I've heard games be described as agency fantasies. It's taken me a while to unspool that thought -- a game is a simulation, so nothing that happens in it matters. Why should I care about the suffering of a fictional character, the death of a fictional world, getting one ending over another? I know not to, but I still want agency.
Agency-as-Student is a tenet-in-development. The games I want to play are agency fantasies of exploration and learning. I can read an incredible book and learn something new. The world is full of great writing sharing great perspectives. A book is a guided tour; when we're in tune, I am exploring and learning hand in hand with its author.
Games can respond to what I want to learn. The agency I have is over my own exploration and learning, my own experience. The agency fantasy is not the fantasy that what I do has an effect on a virtual world without meaning, but the fantasy that I can choose what happens to me, and that I can design my own experience around what I care about.
(Let's not get into the topic of multiplayer games today.)
See Time Loop Nihilism (https://newforum.droqen.com/index.php?topic=133.0).
If there are no material consequences, why do my actions matter?
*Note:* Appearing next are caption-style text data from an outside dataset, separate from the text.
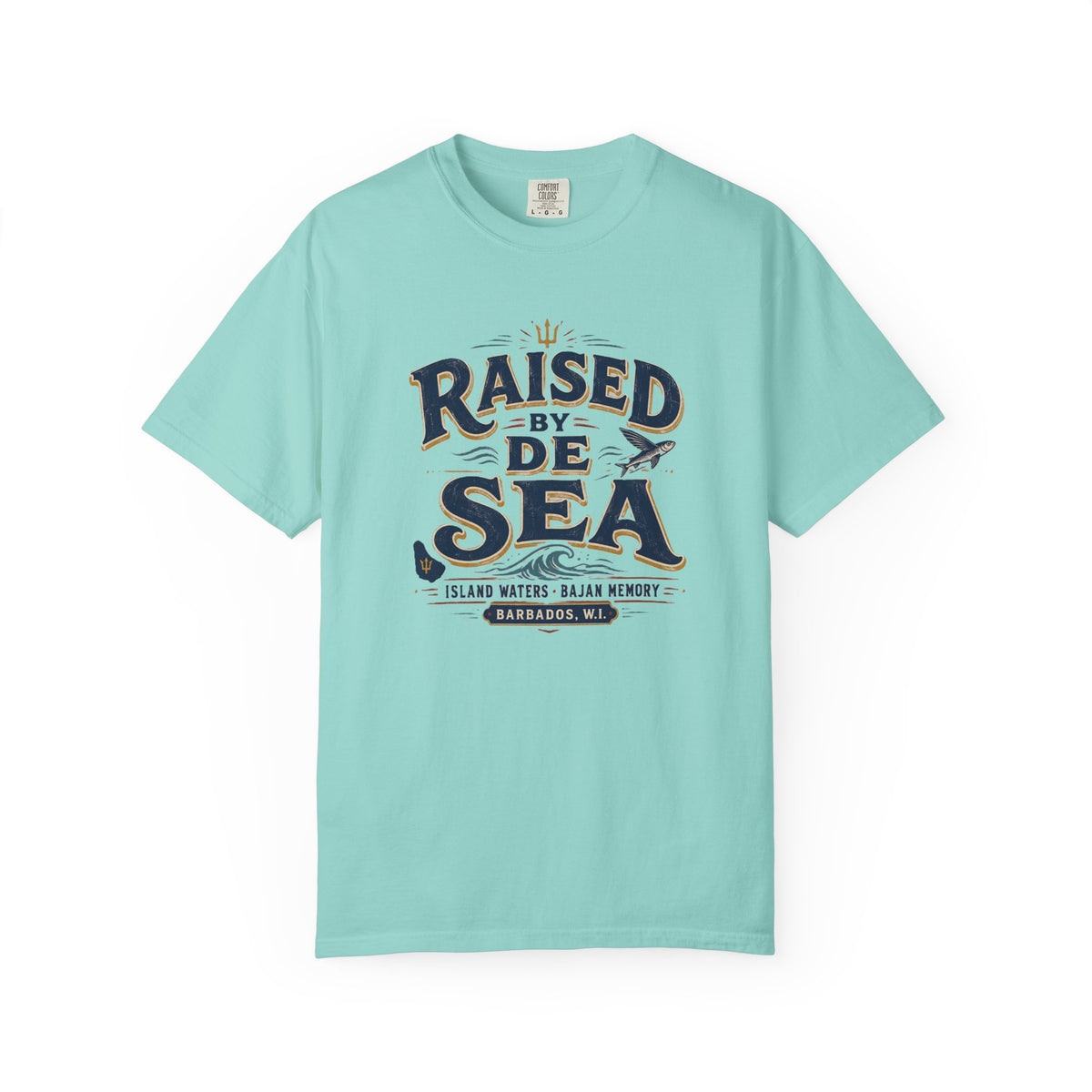 Raised By The Sea T-Shirt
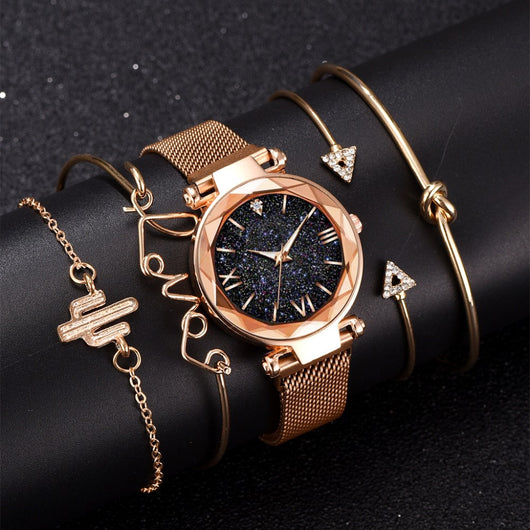 Reloj de Cuarzo con Correa Milan y Cierre Magnético - Image 6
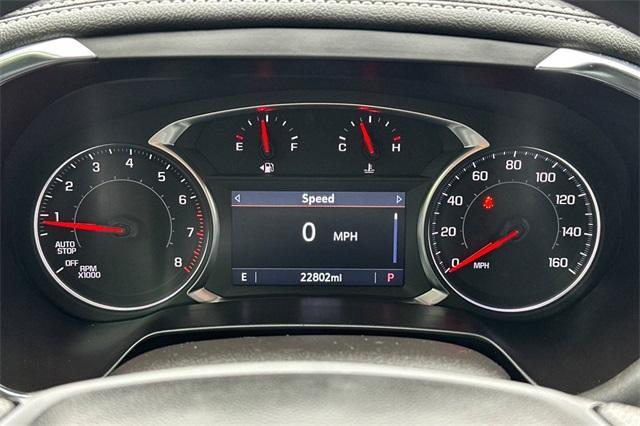 Photo of 2023 Summit White Chevrolet Blazer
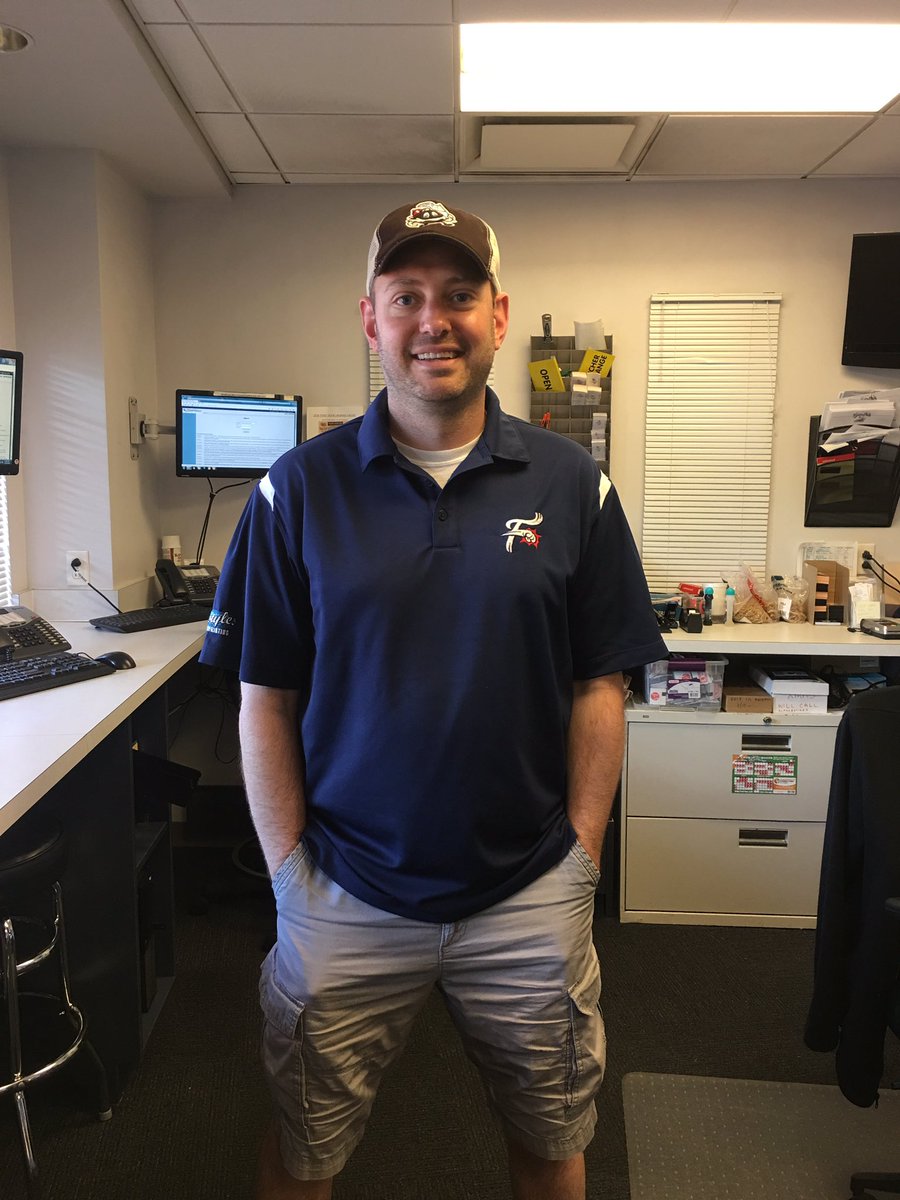 ReadingFightins's tweet photo. Executive Director of Tickets Mike Becker will get a Whoopies tattoo if this gets 5,000 retweets! His mother and wife have no idea he has agreed to this wager! https://t.co/ktoC0xrfZ6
Being "stuck in a time loop" is a specific case of the more general "embodied in a space with no consequences". The conclusions drawn in that thread and explored in Geller's video effectively come down to - you as an individual are still impacted; you are outside of that consequence-free space; the impacts on you are what is meaningful, not what happens inside.
The question of "What agency?" in game as agency fantasy must ultimately be answered with "Agency over self."